ST. LOUIS (AP) - A Missouri woman who authorities said schemed with her ex-husband to defraud hundreds of thousands of dollars from insurers with house fires pleaded guilty Thursday for her role in a 2001 blaze that killed the couple's 15-year-old son.

Sandra Kay Bryant, 59, pleaded guilty in federal court in St. Louis to one felony count of aiding and abetting the use of fire to commit mail fraud. Bryant could be sentenced to up to 10 years in prison in June.

Her ex-husband, Steven Kemper, pleaded guilty to the same charge in 2013 and will be sentenced next month.

Investigators said the fire at the family's home in the St. Louis suburb of Florissant killed Zachariah Kemper after he became trapped in the basement he shared with his mother while her mother, Kemper and his lover lived upstairs.

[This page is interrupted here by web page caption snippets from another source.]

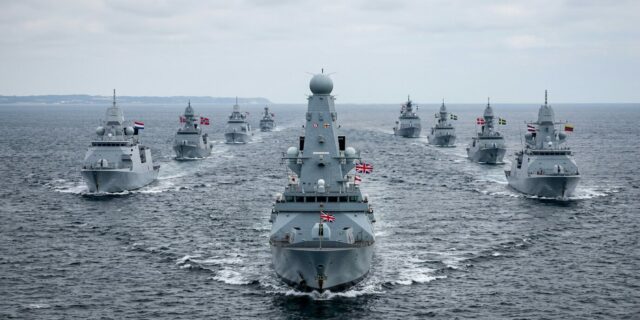 Deset zemí vytváří námořní alianci. Británie chce čelit Rusku na moři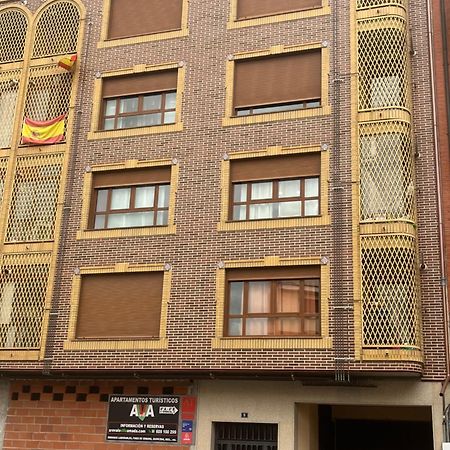 Ava-2 Apartment Arevalo Ngoại thất bức ảnh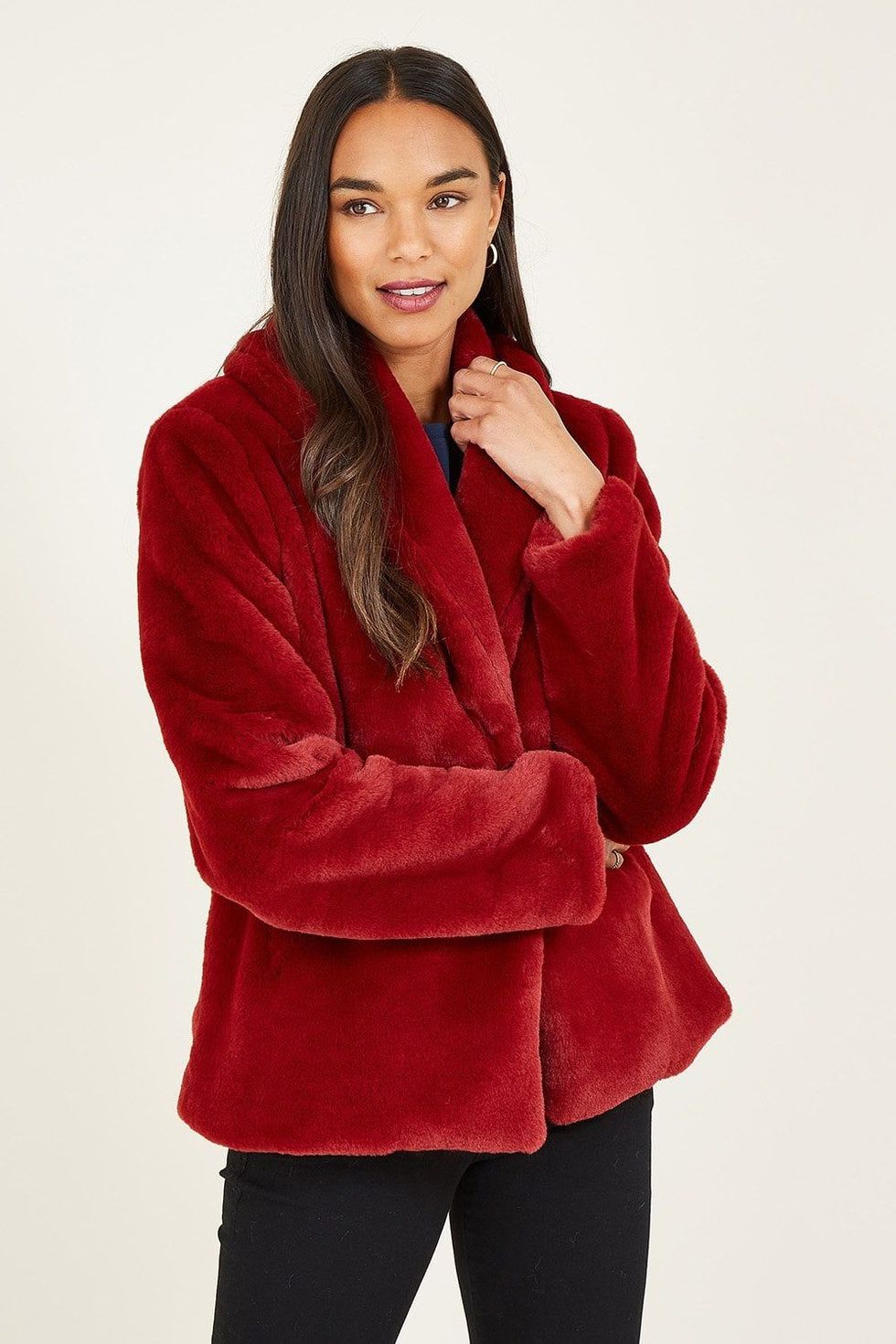 https://hips.hearstapps.com/vader-prod.s3.amazonaws.com/1695131181-yumi-red-short-wrap-faux-fur-coat-p15190-133619-image-6509a614a8b4d.jpg?crop=1xw:1xh;center,top&resize=980:*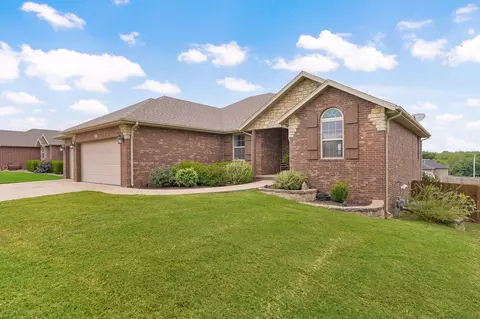 Exterior - 693 Becky St, Willard, MO 65781 photo 2 of 11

All of the adults escaped unharmed.

According to prosecutors, Bryant set fire to a trash can in a basement utility room next to her son's bedroom, using hairspray to fuel the flames. Bryant and Kemper knew their son was asleep in the next room, the indictment alleges. Firefighters found the boy's body near his bed. His arms were covering his head and face, and a fire extinguisher was on the floor, a few feet away.

The teen sustained burns on his upper body, head and extremities, according to an autopsy that found soot in his airway, showing he was alive when the fire broke out.

Bryant was initially charged in state court with an arson-related murder count, but she walked free after a judge declared a mistrial, barring Missouri prosecutors from going after her again.

The federal indictment characterized the couple as greedy, cash-strapped schemers who once tried to torch the Alton, Illinois, home of Bryant's mother after secretly siphoning $30,000 from her bank accounts.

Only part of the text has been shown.